Date: Wed, 21 Apr 1999 11:38:59 +0200
From: Sven LUTHER <firstname.lastname@example.org>
To: Pierre Weis <Pierre.Weis@inria.fr>, Brian Rogoff <email@example.com>
Subject: Re: licence issues
In-Reply-To: <199904191753.TAA26061@pauillac.inria.fr>; from Pierre Weis on Mon, Apr 19, 1999 at 07:53:18PM +0200
On Mon, Apr 19, 1999 at 07:53:18PM +0200, Pierre Weis wrote:
> > On Fri, 16 Apr 1999, Markus Mottl wrote:
> > > Hello,
> > >
> > > at the moment there is a thread on "comp.lang.functional" discussing
> > > legal aspects of the OCAML-distribution policy.
> > >
> > > Some people believe it is too restrictive and they thus rule it out for
> > > their purposes. But I think this is mainly due to misunderstandings of
> > > the licence and/or that the licence is not always explicit enough.
> > I've heard this question asked too by other "open source" advocates, and
> > I'd also be interested in the answer. As Markus notes, it would be a
> > real pity if confusion over the licensing issue precludes greater use of
> > this outstanding tool.
> So, if your licence is the GPL you belong to the free software (upper)
> class, otherwise you're not free and thus you are suspected of something
> (may be you plan to try to exploit somebody somewhere ?), at least it
> is true that you can be suspected to suspect the GPL as not being
> ``the licence''!
That is not true, there are a lot of licenses that are not GPl, but are
considered free licenses, the BSD one, the Artistic one, even the Netscape one,
> Let me state a few points about the ``freeness'' and ``openness'' of
> Objective Caml, without the above axioms in mind.
> If this licence is not suitable to somebody, I suppose that the
> following clause is the problem: you cannot redistribute binaries
> built from modified sources of the compiler. In fact, except the one
> discussed below, I don't see any strong reason to bypass the
> application of this clause, except if ``somebody'' wants to distribute
> our compiler or part of our compiler, without clearly mentioning that
> ``somebody'''s software is based on Objective Caml. This would be a
> problem if these modified sources are redistributed as if they were
> those of the original compiler (for bug reports for instance), or
> evidently if no mention of the original sources are made. That's
> exactly to avoid these kind of unfair behaviours that this clause has
> been added to the copyright.
Yes, this is the major problem, there are two problems involved here, at least
to my understanding :
First, you do not wish to receive bug reports or bad publicity for works based
on Objective Caml. This could be solved by a clear mention of the fact that any
bugreport should be sent to the author of the modified work and not the ocaml
team. Also you could just ignore such bugreports.
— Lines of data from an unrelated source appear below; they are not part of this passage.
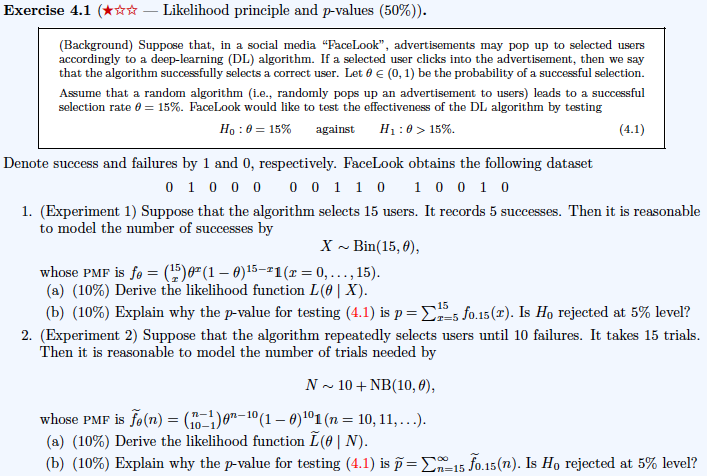***Please only answer Q2a Exercise 4.1 (*ww - Likelihood principle and p-values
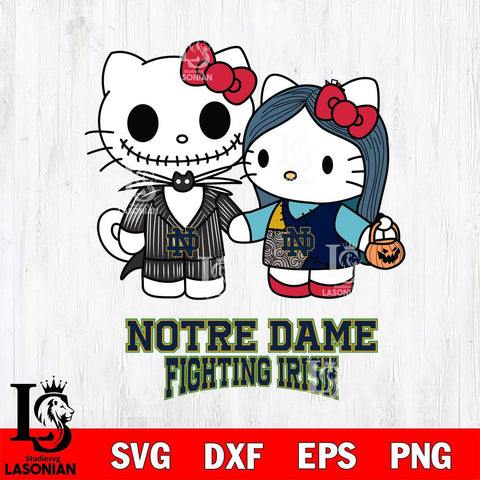 Notre Dame Fighting Irish Hello Kitty Horror 11 Svg Eps Dxf Png File, Digital Download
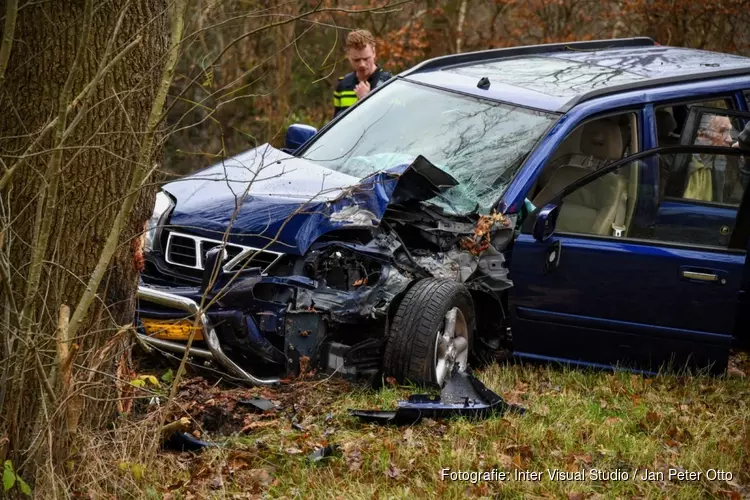 Auto rijdt tegen boom in Hilversum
Second, there is the question of credit given to the ocaml team for doing the
work. One solution to such thing is to do something like the advertising clause
of the BSD license (i know RMS think it is evil, but still it is free, at least
in the debian sense of it)
Still not being allowed to distribute binaries of work based on ocaml is almost
like not being allowed to distribute them, at least today, where there are
wider acceptance of free software, and not every who use free software has the
technical capacity to compile stuff from source. I know, such person would
surely not use ocaml as developping environment, but surely they would want to
use the ocaml VM to execute bytecode produced by other peoples, or to execute
ocaml applets in a netscape plugin, or something such.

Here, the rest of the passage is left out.